TAMPA — Hillsborough County government leaders pushed hard earlier this year for state legislation that would allow them to opt out of Civil Service Board rules and services.
They succeeded and now have until July 31 to make their decisions. But the heads of some of the largest agencies say they might continue to use Civil Service for recruiting and testing job applicants if the price is right.
One of them is County Administrator Mike Merrill, who said he will formally opt out of the Civil Service system during the July window prescribed in legislation passed May 2.
But not much will change for the 5,000 or so county workers in Merrill’s organization, at least until December, when county government agencies will have another chance to keep or decline Civil Service functions for fiscal year 2015.
“What we are going to do is essentially take the Civil Service rules into our human resources policies and continue using Civil Service ... until we can decide what services we want to do ourselves or contract out,” Merrill said.
Guided by its own board of directors, Civil Service is an agency with 29 employees that helps fill jobs, manage employee records and ensure fair treatment of employees. It serves 21 independent county agencies with nearly 10,000 combined employees.
Some agency heads are moving swiftly to shed Civil Service rules and processes they consider onerous and redundant.
Tax Collector Doug Belden was the first agency head to formally opt out of all Civil Service functions except for due-process protections for employees facing disciplinary action.
Belden and other county officers agreed last year to maintain those employee protections in a revamped law.
Belden said disengaging from Civil Service will save the Tax Collector’s Office about $67,000 a year. Part of those savings will come from contracting with a private vendor for testing job applicants.
The vendor will charge between $6,000 and $9,000 a year for testing. Belden said when he asked Civil Service Director Dane Petersen how much his agency would charge for testing, the cost was $40,000.
“You won’t believe how much money and time I’m going to save on all this paperwork going back and forth and having just one person to deal with instead of three,” Belden said, referring to obstacles his office faced dealing with Civil Service hiring rules and processes.
The sheriff’s office is also in the process of dropping all Civil Service connections except the due-process procedures, said Chief Deputy Jose Docobo.

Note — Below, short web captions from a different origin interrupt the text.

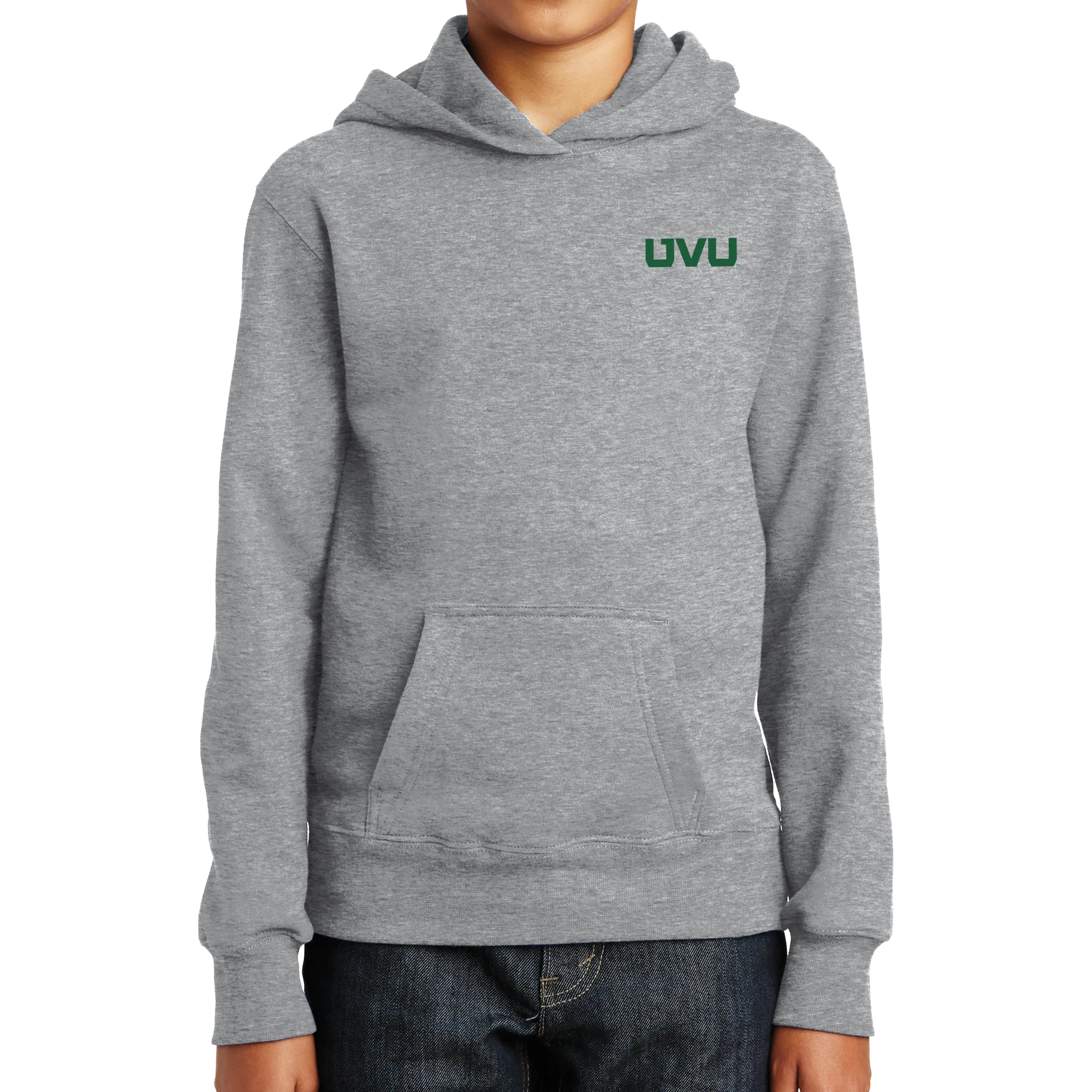 Port & Company Youth Fan Favorite Fleece Pullover Hooded Sweatshirt- UVU Distressed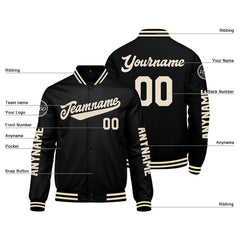Maßgeschneiderte Schwarz Creme Letterman Varsity Jacket Individuelle Stickerei Druck nach Ihrem Wunsch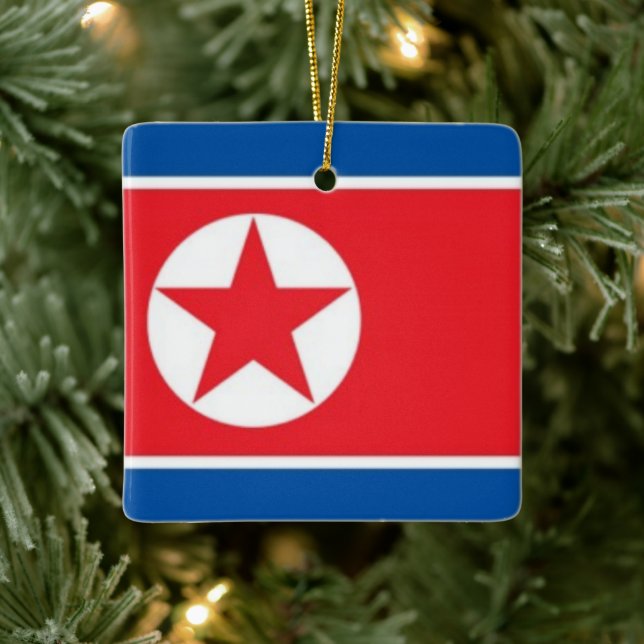 zKP001 Nordkoreas FLAGGA Nordkorea, Julgransprydnad Keramik (Träd)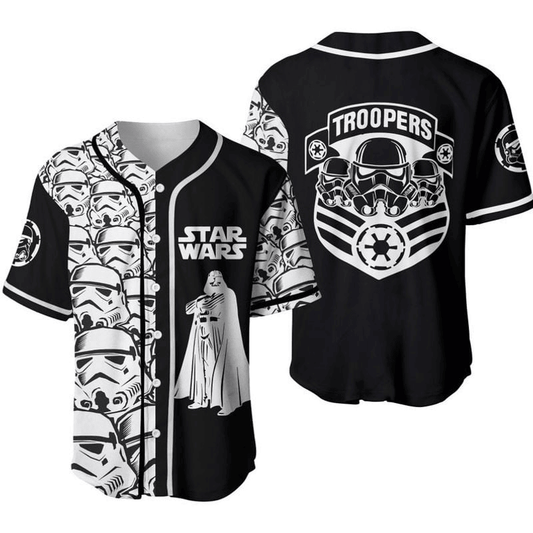 Star Wars Jersey Star Wars Trooper Army Graphic Black White Jersey Shirt Star Wars Baseball Jersey For Men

The department has been doing its own background checks on job applicants for years, Docobo said.
However, those job seekers also had to go through the Civil Service recruitment process.
Hillsborough’s Civil Service law was passed by the Florida Legislature in the 1950s.
It was considered a good-government reform that would eliminate political patronage in government hiring.
But critics say the agency has devolved into a thicket of complicated regulations and processes that strangle efforts to modernize government. For example, at the sheriff’s office, deputies can apply to become detectives twice a year.
In addition to undergoing an internal application process, the applicants also have to go to the Civil Service office and fill out more forms.
“Even though Civil Service has nothing to do with the promotion and selection of detectives,” Docobo said.
“We’re going to be doing that now. That’s just a little thing, but you multiply that by the promotion process for sergeants, lieutenants and others, it was duplicative.”
Last year, Belden, Merrill and Circuit Court Clerk Pat Frank met and decided to ask the county’s local legislative delegation to amend the Civil Service law. The county commission backed the plan.
Petersen lobbied against the changes, which were sure to downsize his agency and drastically reduce its budget.
It seemed he had succeeded when state Sen. Arthenia Joyner, D-Tampa, used a parliamentary procedure to shelve the law days before the end of the legislative session.
But Brandon Republican Sen. Tom Lee managed to pull the bill back onto the Senate calendar and it passed on the last day of the session.
Frank, like Merrill, said she’s willing to consider using Civil Service for job recruitment and other services, but Petersen has not offered any cost breakdowns or other details.
“I am opting out, but I might contract with him if he has something to sell,” Frank said, referring to Petersen. “I think he’s just waiting to see what everybody is going to do and hoping they will give him some direction, which is strange to me. He is now in a situation where he is a contractor.”
Petersen was out of town Thursday and could not be reached for comment. In an interview early last week, he said several agency heads have told him informally they want Civil Service to keep providing “essentially the same array of services” the agency now provides.
“By opting out, the organization is no longer required to use us,” he said, “but there are things that need to be done and that organization has the choice to do it themselves, have us do it, or go to a third party. They see us as a better option.”